The best you can say about the Sundering was that it was slightly less bad than the planned murders would have been, and that's IF you agree that memory erasure does not constitute murder. (If you do consider amnesia to be murder, then it's actually worse, since all the planned murder victims were murdered anyway, and everyone else save three were murdered as well.) I'm torn on whether it is or not, and it largely depends on how much of the individual's personality was left intact. In either case, I'd say the Sundering was still a terrible act - but just one more in a long line of terrible, yet arguably necessary acts.
I don't hold Hydaelyn responsible, though - and this is because I no longer really regard Hydaelyn as an entity in her own right. She's a construct, built to do what her summoners created her for. Whether they intended for her to do what she did or not, she believed it was necessary to accomplish her creators' desires. The ones at fault are her summoners, and every one of them is now Sundered (unless it turns out that, in a twist, Elidibus is one of the folks who advocated her Summoning, and has since had a change of heart).

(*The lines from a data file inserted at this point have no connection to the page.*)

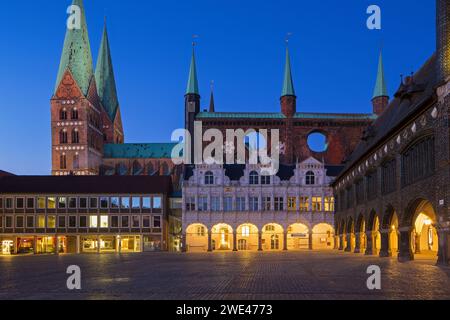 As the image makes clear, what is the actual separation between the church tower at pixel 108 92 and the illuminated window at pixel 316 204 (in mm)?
80929

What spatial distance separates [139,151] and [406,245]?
344 feet

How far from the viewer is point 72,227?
7688cm

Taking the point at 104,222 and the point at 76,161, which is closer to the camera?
the point at 104,222

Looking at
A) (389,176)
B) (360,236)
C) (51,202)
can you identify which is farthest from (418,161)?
(51,202)

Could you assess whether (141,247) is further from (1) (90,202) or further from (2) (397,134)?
(2) (397,134)

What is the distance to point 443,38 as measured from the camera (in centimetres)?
3011

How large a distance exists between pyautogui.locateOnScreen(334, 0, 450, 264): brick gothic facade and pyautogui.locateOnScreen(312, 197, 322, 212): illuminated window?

I do feel that Hydaelyn is a benign, benevolent entity NOW, with free agency for existing life as a high priority on her agenda (superseded only, perhaps, by ensuring that efforts of the Ascians to return things to the way they were are thwarted). But what she did with the Sundering could be construed as being as bad morally as what the Ascians are trying to do to reverse it.

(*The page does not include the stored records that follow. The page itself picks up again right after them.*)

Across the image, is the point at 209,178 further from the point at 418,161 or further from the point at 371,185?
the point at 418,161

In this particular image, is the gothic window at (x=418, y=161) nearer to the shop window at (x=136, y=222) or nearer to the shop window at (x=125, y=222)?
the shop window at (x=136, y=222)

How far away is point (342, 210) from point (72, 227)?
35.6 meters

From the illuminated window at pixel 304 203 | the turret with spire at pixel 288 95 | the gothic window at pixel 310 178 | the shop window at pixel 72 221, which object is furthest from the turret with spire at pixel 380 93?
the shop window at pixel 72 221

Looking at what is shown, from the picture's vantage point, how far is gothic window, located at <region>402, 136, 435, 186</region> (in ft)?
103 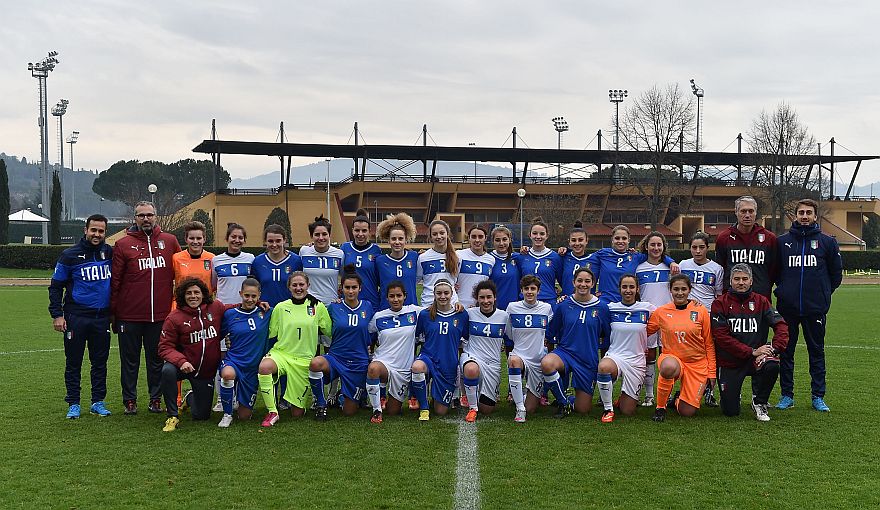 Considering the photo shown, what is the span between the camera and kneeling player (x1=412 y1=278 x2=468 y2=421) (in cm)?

This, interestingly, was basically the plot of the Wings of the Goddess expansion for FFXI. The world was doomed to a bitter stalemate in the war against the Shadowlord. The Goddess of Vana'diel, Altana, couldn't stand the suffering, and so influenced things so that an extraordinarily unlikely timeline, one in which the Shadowlord was slain, became the TRUE timeline. However, the original timeline still existed, and the "heroes" within it (closer to embittered anti-heroes, forced to make sacrifice after sacrifice for generations just to keep the Shadowlord at bay) couldn't bear the idea that all their hard work and suffering had been for nothing. Worse, an entity called Atomos existed, whose entire purpose was to devour superfluous timelines, and it was possible that theirs would be on the menu. They became determined to take their rightful place in the timeline, Altana be damned, and used time travel to set what went right wrong again.
I personally thought it was fantastic to see a plotline seriously address the question of what happens to the original timeline when you muck about with time. WotG wasn't my favorite FFXI expansion, but I loved the story nonetheless.
In the case of the Exarch, though, there was no stalemate. what they were facing was the gradual end of days. If it was an ongoing struggle for survival, it was one they were LOSING. It's certainly possible that the survivors decided that their own lives were less important than ensuring a timeline was created where none of that happened in the first place. Not too unlike the voluntary sacrifices by the Ancients to bring Zodiark about to save them!